CA had other ideas. They’ve decided that it is time to be
owners of their own
Town
Center offices instead of
continuing as renters. The problem is that there are few if any
good opportunities
to own or build in
Town
Center. Most of the prime
land for development in the core is owned by either
General Growth Properties or
Howard Hughes and neither of them is selling. In fact, Howard Hughes could conceivably
be considered a buyer if the
right opportunity presented itself, perhaps the
same opportunity that CA is looking for.
As CA headed off in a different direction, Howard Hughes
moved on. They still liked the idea of a fitness club in the lakefront
building. It would
serve the residents of the 800 plus new
housing units they are developing
around the Mall. If CA wasn’t interested, perhaps LA Fitness, Lifetime or some
other national chain could be convinced to come there.
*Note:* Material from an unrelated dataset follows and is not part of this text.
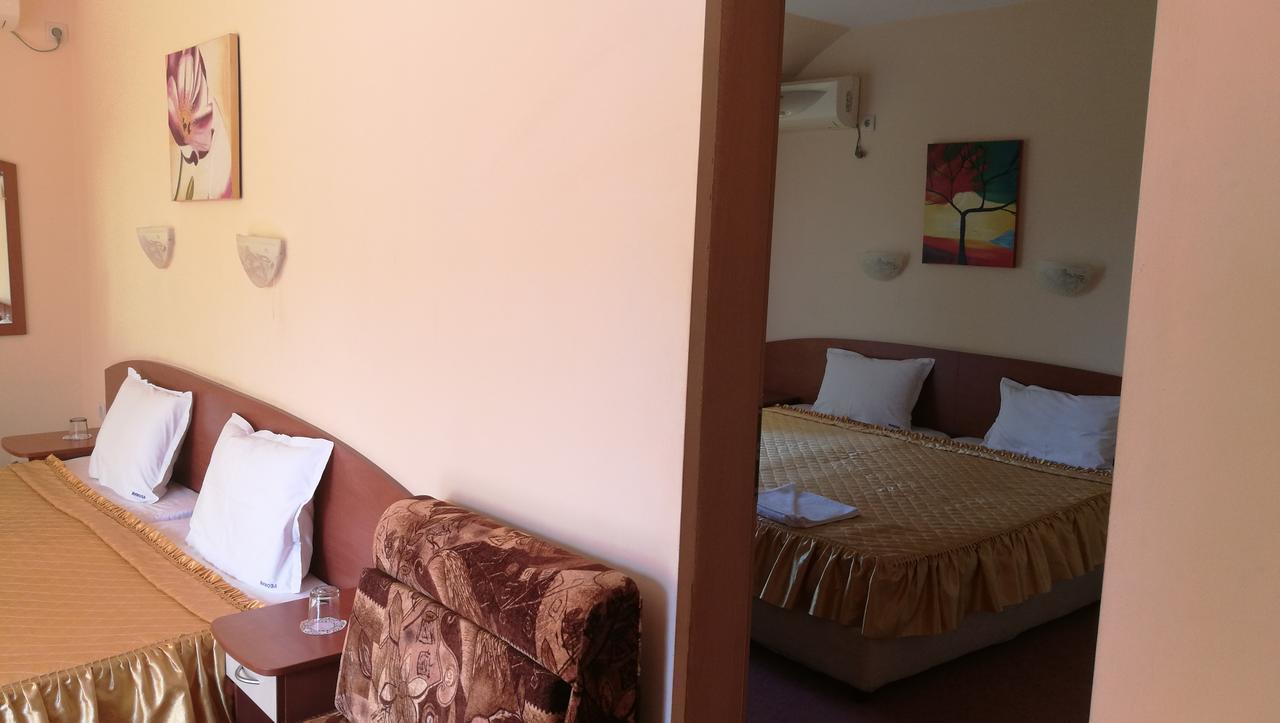 Family Hotel Mimosa Tsarevo Εξωτερικό φωτογραφία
Is that a missed opportunity for CA?
At least one current CA board
member seems to think so. In
this post today on
HoCo Rising, Tom Coale suggests
that
Columbia
is on the “precipice of big change” centered around this development opportunity.
“If Howard Hughes finds a financially beneficial long-term
agreement with Bally's, Lifetime Fitness, or Gold's Gym, the Columbia
Association is in serious trouble. That's not intended to simplify this
$60 million organization into a gym membership, but CA holds a privileged
position in Columbia,
mostly unencumbered by any significant competition. This allows for
programs like the low-income discount and capital improvements that are not
predicted to turn a positive return. I often wonder how much the dynamic
would change if we lost that privileged position.”
I can understand CA wanting to own their headquarters. At
the same time, the availability of this iconic
Columbia building at the same time the
association is in the market is incredibly fortuitous and
an opportunity that
should not be so easily dismissed.
It would be good for Howard Hughes too. If the Columbia
Association is up to challenge it could be a powerful marketing angle in luring
prospective residents and businesses to
Columbia’s
“
downtown.”
As far as I know, it may already be too late. I hope not.